The automobile industry has ever been so enthralling and alluring. It attracts consumers every day as its habitués are in constant need of upgrading their gadgets and maintaining their motorcars with the latest tech and systems. These industries manufacture products that are not only cognizant to many people but are necessitous to them as well. Moreover, a tint of allurement with the latest and fascinating designs never hurt anybody. My family and I have been a devotee of the latest cars and automobiles in general. Although the price of cars is quite high in the U.S., considering the insurance, loans, and its taxes’ payment since me and my family had a deep love for cars, we were able to buy and maintain our cars according to the latest trends. But this situation was before the pandemic.
By the end of the year 2019, a novel Coronavirus (Covid-19 ) has spread across the whole world (Shereen et al.). This has convulsed consumer beliefs, created havoc in the stock exchange market and led to the unemployment rate in the U.S. spiking to its highest, which is 14.7%, hence making more than 30 million people unemployed (Furman et al.). In such a Sturm und Drang situation, we cannot even think of buying a new car, let alone upgrading it. As a result of social distancing and lockdown imposed in the country, we are restricted in our homes. Similarly, the automobile shops are also closed under the lockdown, so even if we think of buying or repairing our car, we cannot do it as our health is at stake.
In the month of May, the price of used cars spiked at unprecedented rates, rising to 17% as compared to its expectations before the pandemic started. This was mainly because new cars were not being made as the automobile showrooms and manufacturing firms were closed due to the pandemic. This redirected consumers’ buying paradigm to the used-car lot. As consumer demand increased, thus leading to the increased price rate of used cars.

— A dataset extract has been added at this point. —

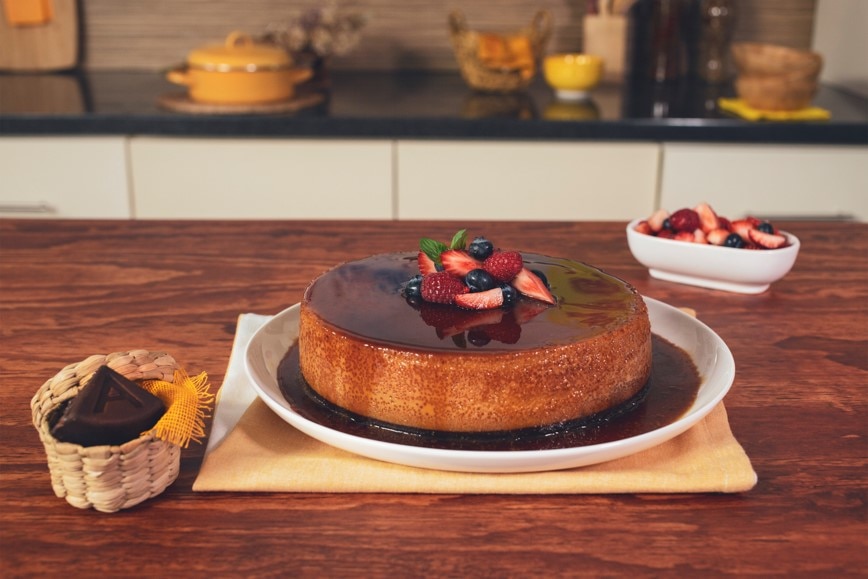 Flan de Moca con Chocolate Abuelita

Moreover, as oil prices have decreased to an astonishing level since the disruption of the supply-demand in the country, this has led to the consumer’s shift towards the use of heavy trucks and sports vehicles.

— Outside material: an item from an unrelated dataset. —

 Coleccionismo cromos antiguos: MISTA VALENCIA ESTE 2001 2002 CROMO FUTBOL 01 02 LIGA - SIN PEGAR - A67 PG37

Although new cars, on the other hand, have seen an increased price rate of 3%, from March 2019 to March 2020, but there has been a drop rate by 0.1% in April 2020 (Average New-Vehicle Prices Up Nearly 3% Year-Over-Year in March 2020 – Dealer Ops – Auto Dealer Today). The decrease in consumer demand for the new vehicles has led the dealers to offer automobiles with an interest rate of as low as 0% and increase the loan lengths from six to seven years. Hence, in the short run the price of automobiles is inelastic in nature as people being cautious of their financial status do not prefer buying new cars no matter how much low the oil, interest rates and taxes have gone. While in the long run, if the prices remain as low as they are now (which would hardly be the case), automobiles would become a price-elastic commodity.

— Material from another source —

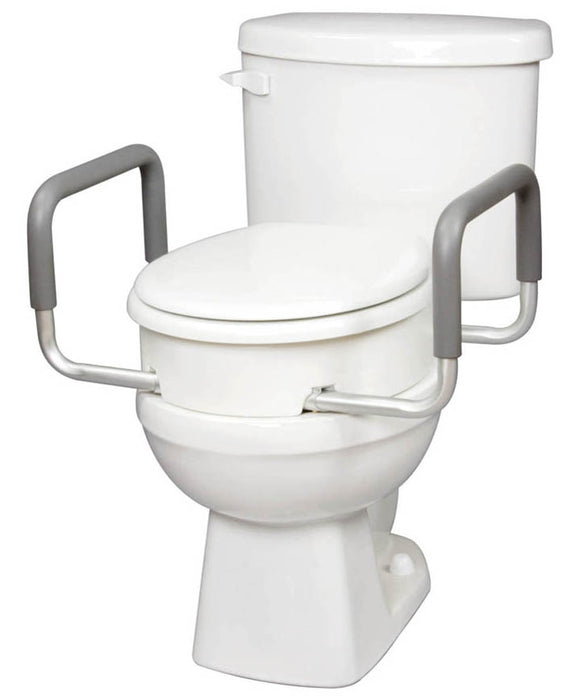 Raised Toilet Seat with Arms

Albeit the prices, loan lengths and interest rates for new cars have dropped, for the time being, me and my family I won’t be buying them anytime soon. The main reasons are the security of the fiscal status, the scepticism towards hygiene when going out in automobile showrooms and the situation of the country under lockdown. Although dealers have started the virtual sales of automobiles (Davis and Engelhorn) but the self-satisfaction of test driving and cross-checking every nook and corner of the car ourselves would restrict us from using this facility anytime soon.